Del resto, come “Il disco” ha spesso ricordato, il 1971 fu un anno d'oro per il rock in generale e, in particolare, per quello progressivo. Solo alcuni titoli di altri album leggendari che uscirono cinquant'anni fa e di cui questa rubrica si è già occupata: “Aqualung” dei Jethro Tull, “Pawn hearts” dei Van der Graaf Generator e “In the land of grey and pink” dei Caravan. Tanta roba. Sempre nello stesso anno, dopo “Tarkus” Emerson, Lake and Palmer fanno il bis pubblicando il live “Pictures at an exhibition”, registrato prima di “Tarkus” ma uscito solo a fine anno per favorire l'album del mitico armadillo da guerra.
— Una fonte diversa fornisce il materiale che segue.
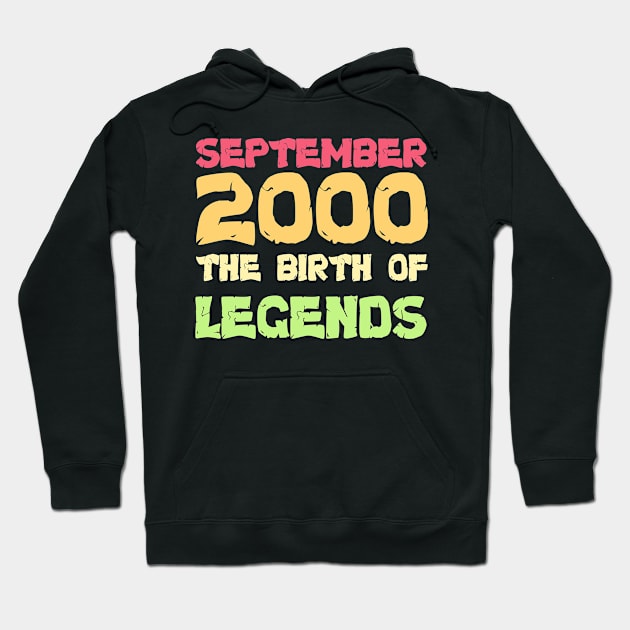 Retro September 2000 Of Legends 20 yrs old Birthday Gift T-Shirt Hoodie by JHFANART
Nell'album del '71 la suite “Tarkus” ovviamente fa la parte del leone. La facciata B contiene, invece, cinque brani. La dissacrante “Jeremy Bender”, suonata con il piano honky tonk tanto caro a Emerson, e “Bitches crystal”, storia di stregoneria e inquisizione dalle atmosfere jazz. Traccia divisa in due parti, “The only way hymn/Infinite space (Conclusion)”, tra Bach e il jazz, parla, inoltre, del “silenzio di Dio”. “Tarkus” si chiude con il rock di “A time and a place” e il rock 'n roll di “Are you ready Eddy?”, dedicata dal trio inglese al loro ingegnere del suono Eddie Offord.